**Problem statement**
In the listing below, the answer starts at the line that has "periodontitis ≤ 4teeth" and stops after the line that has "Carolina Darias ha"; please repeat that part exactly and nothing more.

**Supplied records**
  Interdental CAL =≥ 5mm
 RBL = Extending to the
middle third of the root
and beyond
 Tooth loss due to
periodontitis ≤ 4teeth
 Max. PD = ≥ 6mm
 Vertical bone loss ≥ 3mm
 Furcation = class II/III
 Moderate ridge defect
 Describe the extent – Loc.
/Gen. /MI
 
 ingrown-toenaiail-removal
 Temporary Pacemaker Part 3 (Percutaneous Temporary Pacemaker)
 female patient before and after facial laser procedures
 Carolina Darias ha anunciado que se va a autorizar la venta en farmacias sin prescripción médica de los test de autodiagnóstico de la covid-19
---
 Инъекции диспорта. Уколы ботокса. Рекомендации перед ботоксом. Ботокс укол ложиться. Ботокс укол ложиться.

**Output below**
periodontitis ≤ 4teeth
 Max. PD = ≥ 6mm
 Vertical bone loss ≥ 3mm
 Furcation = class II/III
 Moderate ridge defect
 Describe the extent – Loc.
/Gen. /MI
 
 ingrown-toenaiail-removal
 Temporary Pacemaker Part 3 (Percutaneous Temporary Pacemaker)
 female patient before and after facial laser procedures
 Carolina Darias ha anunciado que se va a autorizar la venta en farmacias sin prescripción médica de los test de autodiagnóstico de la covid-19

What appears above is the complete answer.